Cuando las aguas se calman -expresión significativa si las hay en estos momentos en que escribo esta entrada, cuando las fuerzas navales del mundo buscan solidariamente en la inmensidad caprichosa e incierta del océano un submarino argentino con 44 habitantes-, queda en la superficie lo que permanecerá y sólo lo que permanecerá. Ojalá, que en el caso que nos angustia por estas horas, lo que permanezca en la superficie sea esa carcasa llena de hostiazos del mar, que aún así puede habérselas arreglado para proteger a 44 almas añoradas en tierra.
Pero la superficie de la que tratan estas líneas es la del más que nunca vituperado premio Martín Fierro. Nadie recordará la edición 2017 por las producciones premiadas, ni por algún que otro subrayable o agradecido discurso de oportunidad. Definitivamente, no. Todos, protagonistas y espectadores, lo recordaremos como el año en que la grieta se hizo abismo hondo entre periodistas previamente agrietados, que encontraron en la ocasión el espacio -valga la redundancia visual- para colar el resentimiento agrio que se han dispensado desde siempre.
Pero cada capítulo tiene su apartado, y éste no será la excepción.
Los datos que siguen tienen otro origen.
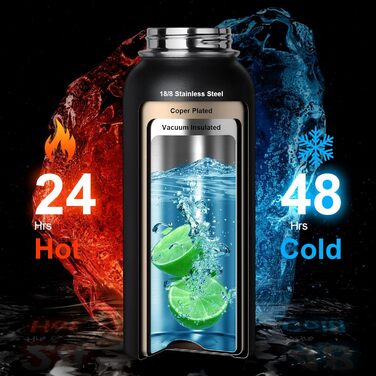 Термобутылка из нержавеющей стали 950 мл черный камуфляж OneTigris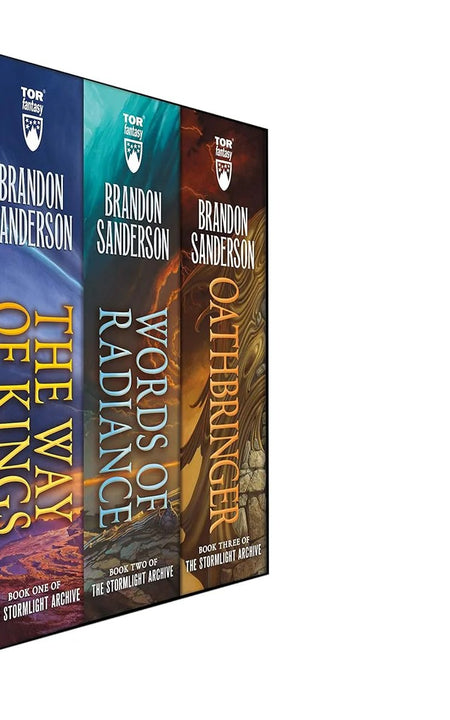 Stormlight Archive MM Boxed Set I, Books 1-3: The Way of Kings, Words of Radiance, Oathbringer SEALED BOX SET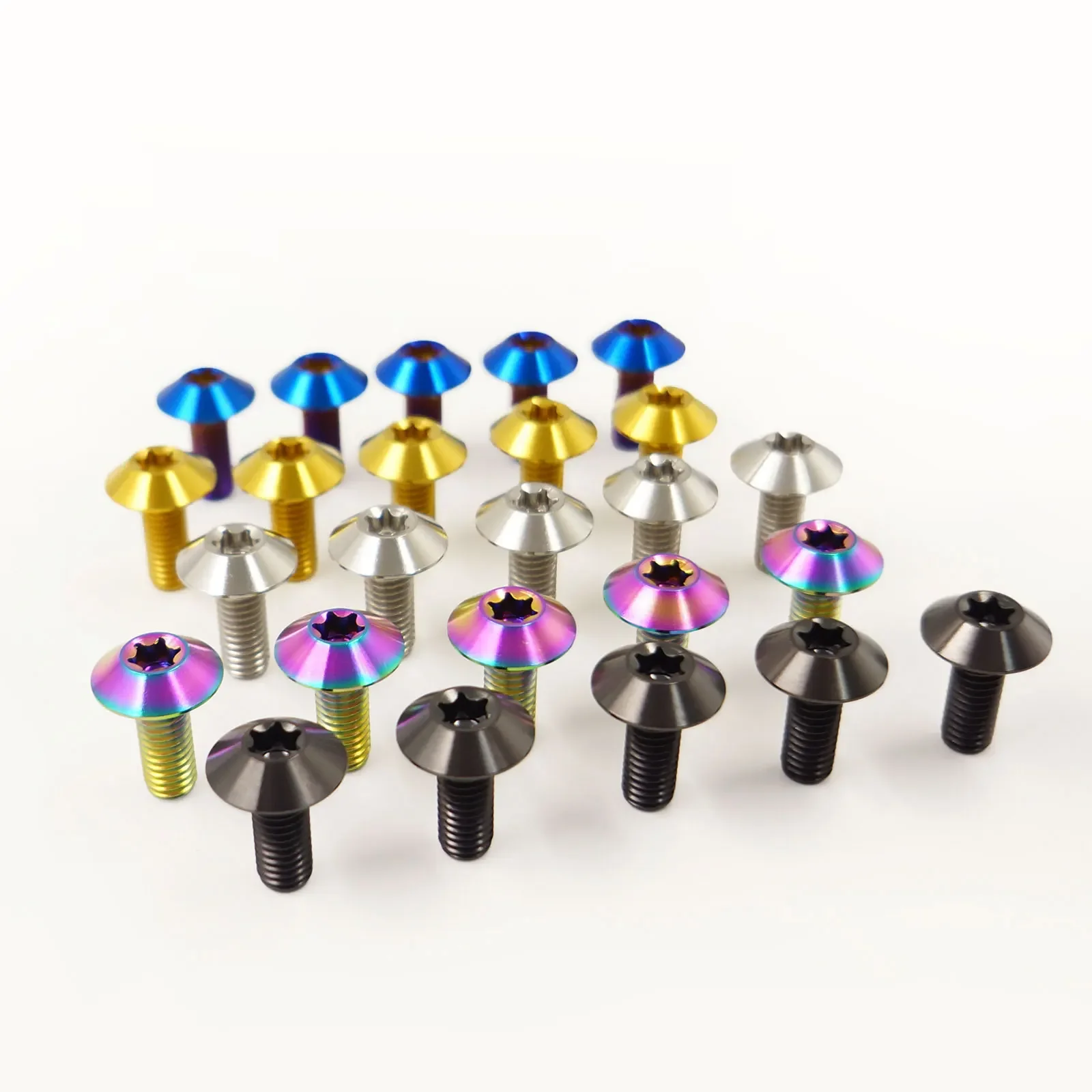 AliExpress NONE Titanium Bolts M5 M6 Lightweight Screws for Bicycle Motorcycle Bike Parts Accessories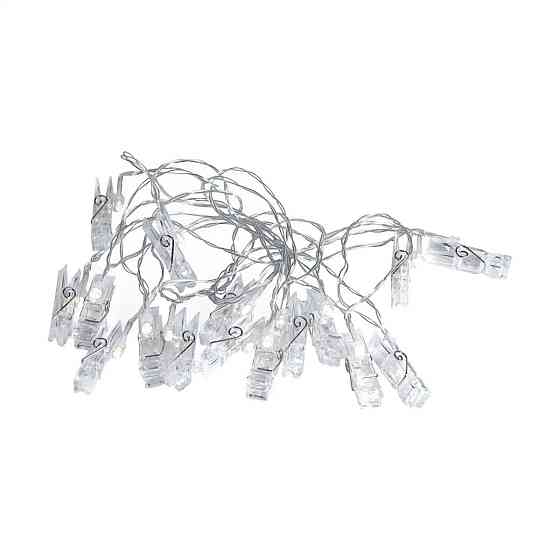 Гірлянда з прищепками 5.2 м, 20 LED лампочок Київ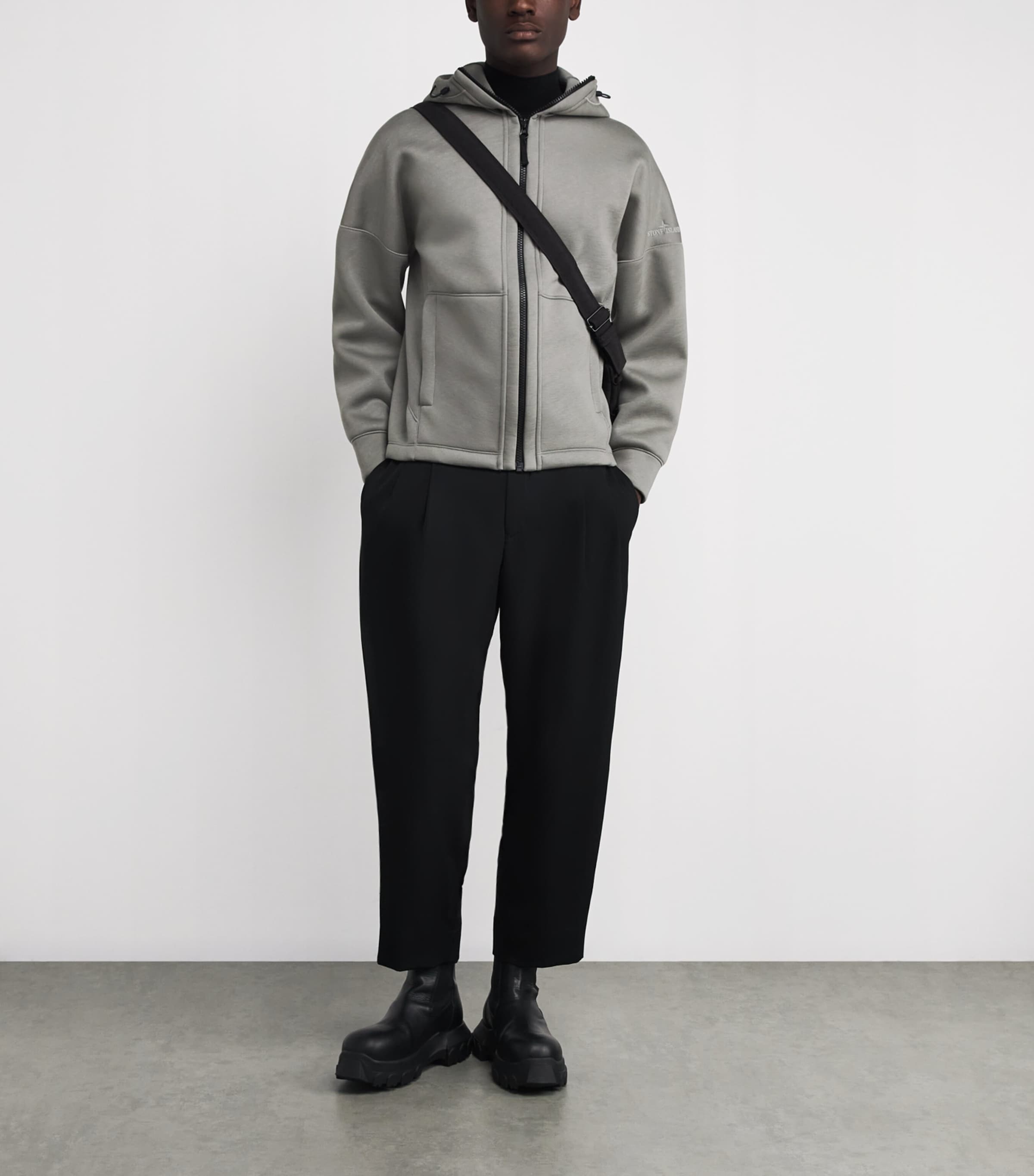 Scuba Fleece Logo Hoodie V006B Image 2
Muchos dedos han corrido los teclados graciosamente mencionando el episodio de la reacción de Diego Leuco para con su novia Daniela. Recordemos que Leuco padre recibía su estatuilla dorada, pronunciaba un encendido discurso contra la patria apropiadora de medios de comunicación, y desde un sector del salón le dedicaron algunos epítetos que a Leuco hijo le operaron de gasolina en su de habitual poco inflamable personalidad. La reacción del retoño tomó desprevenidos a propios y extraños, porque no sólo intentó un acercamiento físico a la mesa de donde provenía la nada amable adjetivación hacia el tata Leuco, sino que, en el ímpetu por conseguirlo, se zafó de un modo rudimentario de Daniela, que intentaba, sin mayor éxito ni polenta, contener el apocalipsis inminente.
Visto por la tele, y merced a toda la violencia de género que hemos sabido reprocharnos como sociedad supuestamente civilizada, pareció algo más serio que un momento poco decorativo para el pretendido -¿o pretencioso?- glamour de la noche. Pareció una situación física bien desagradable, nada recomendable ni en público ni en privado.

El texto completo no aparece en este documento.